- [Exercise] Keep every word of the listing and drop the images when you write it out.

Data for this exercise START

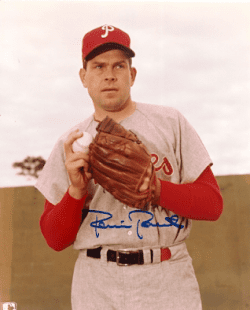AUTOGRAPHED  ROBIN ROBERTS 8x10 Philadelphia Phillies Photo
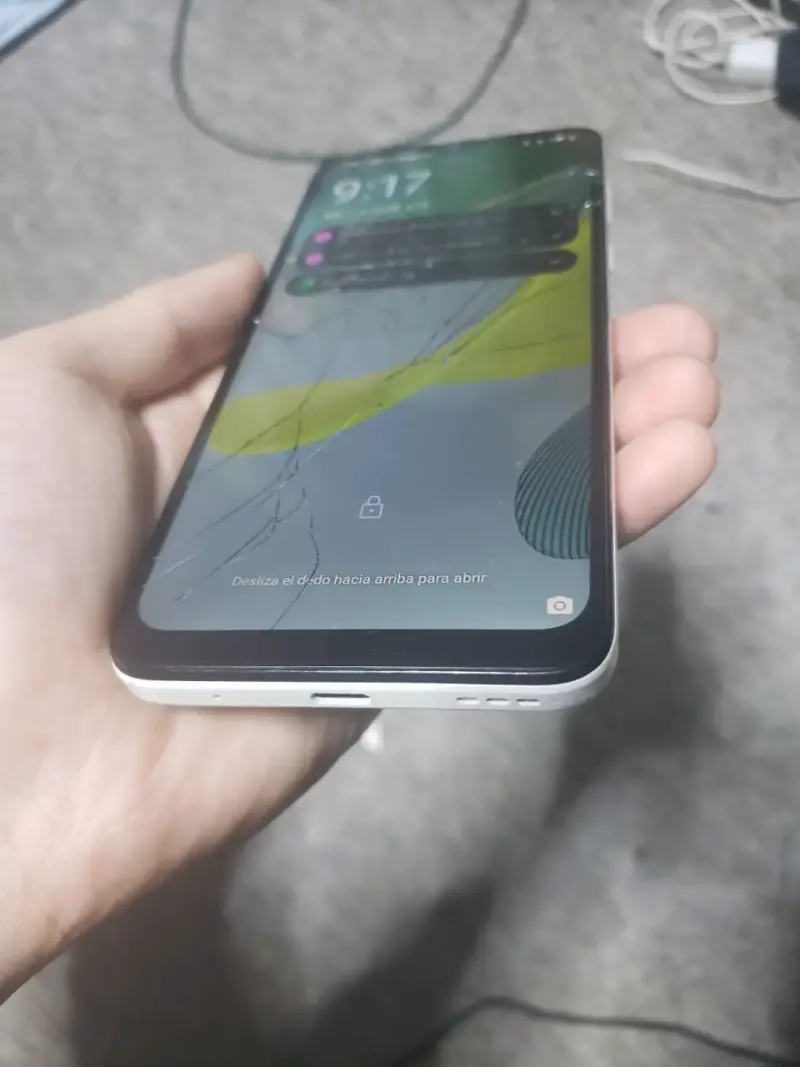 Motorola E13 con pantalla rota - 2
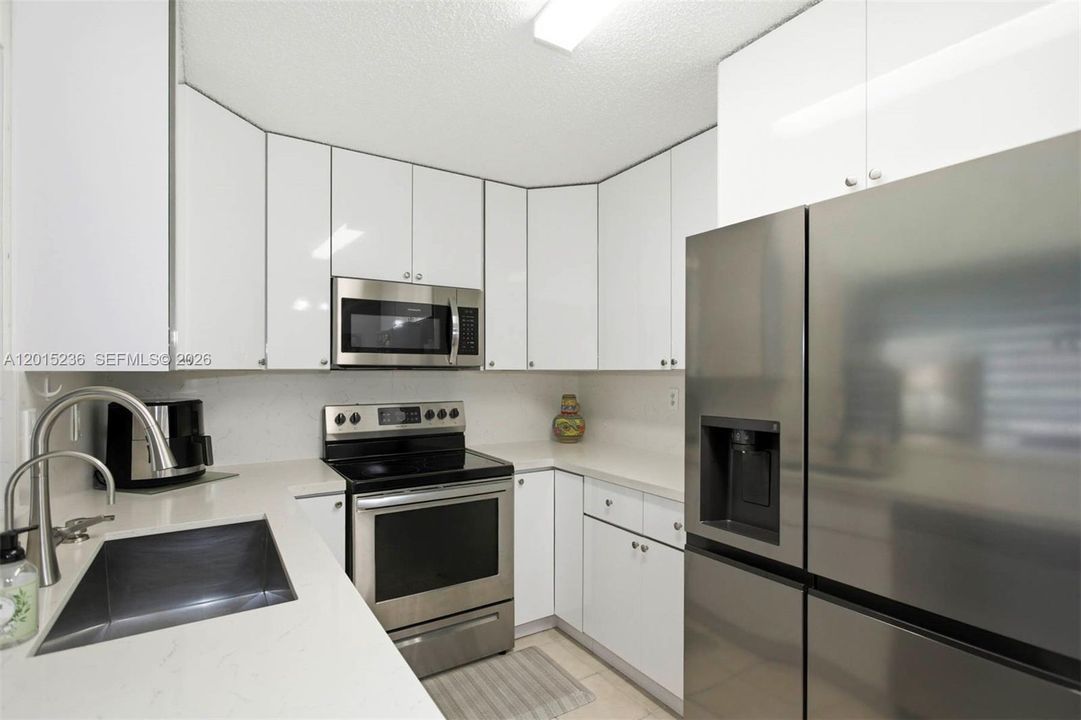 En Venta: $204,500 (1 camas, 1 baños, 739 Pies cuadrados)
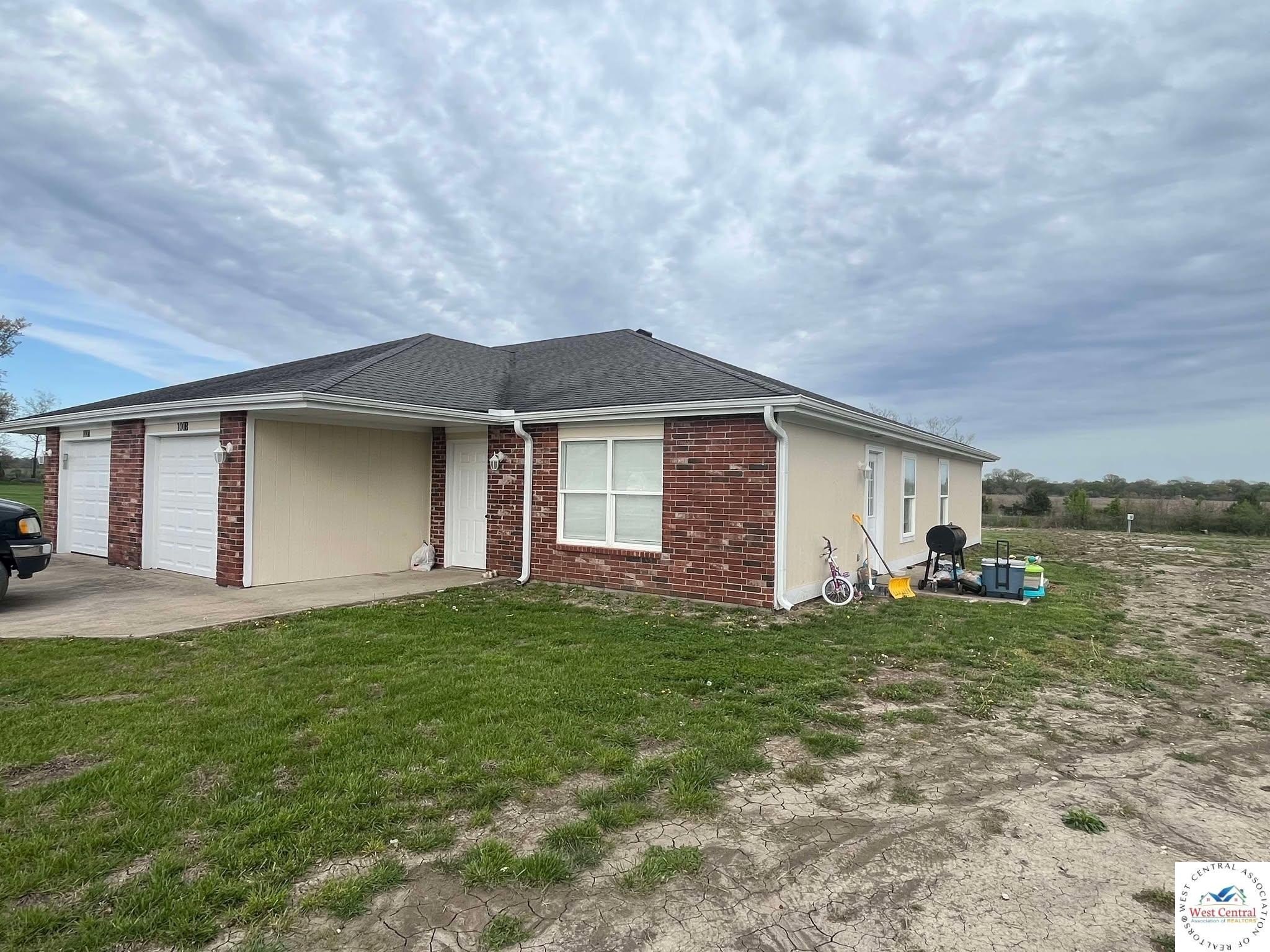 Clinton MO Income-Producing Duplex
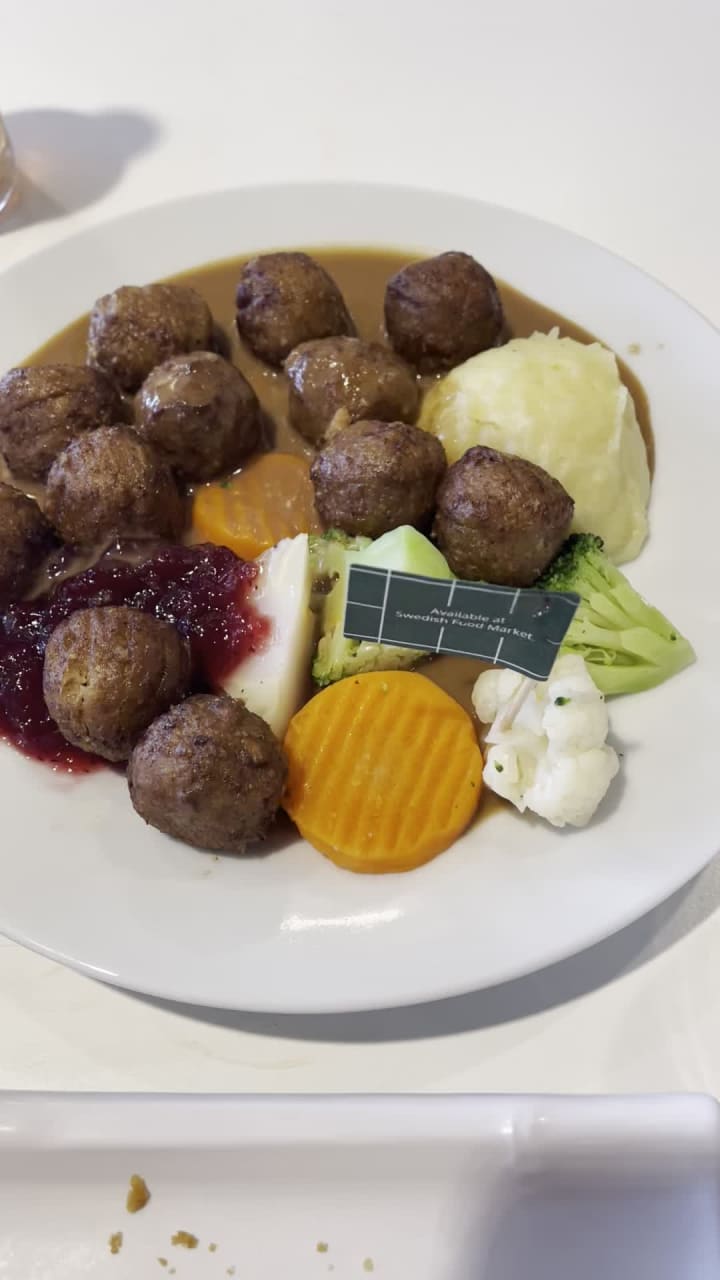 Video review of IKEA Restaurant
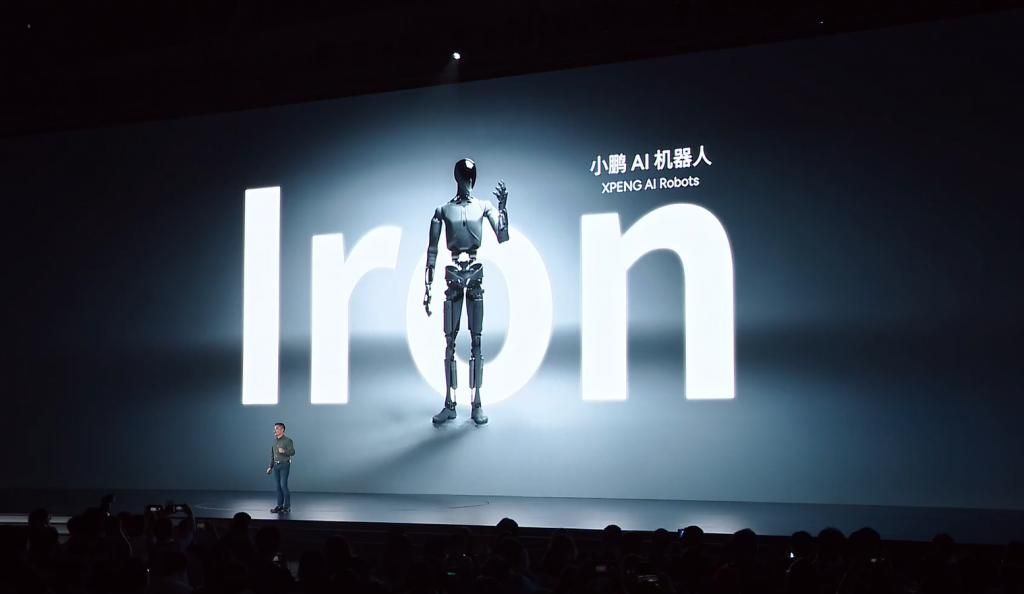 430km 纯电续航的增程动力 + 自研 AI 芯片 +AIOS，小鹏的 2025 能否「起飞」？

Data for this exercise END

- [Task result]
AUTOGRAPHED  ROBIN ROBERTS 8x10 Philadelphia Phillies Photo
 Motorola E13 con pantalla rota - 2
 En Venta: $204,500 (1 camas, 1 baños, 739 Pies cuadrados)
 Clinton MO Income-Producing Duplex
 Video review of IKEA Restaurant
 430km 纯电续航的增程动力 + 自研 AI 芯片 +AIOS，小鹏的 2025 能否「起飞」？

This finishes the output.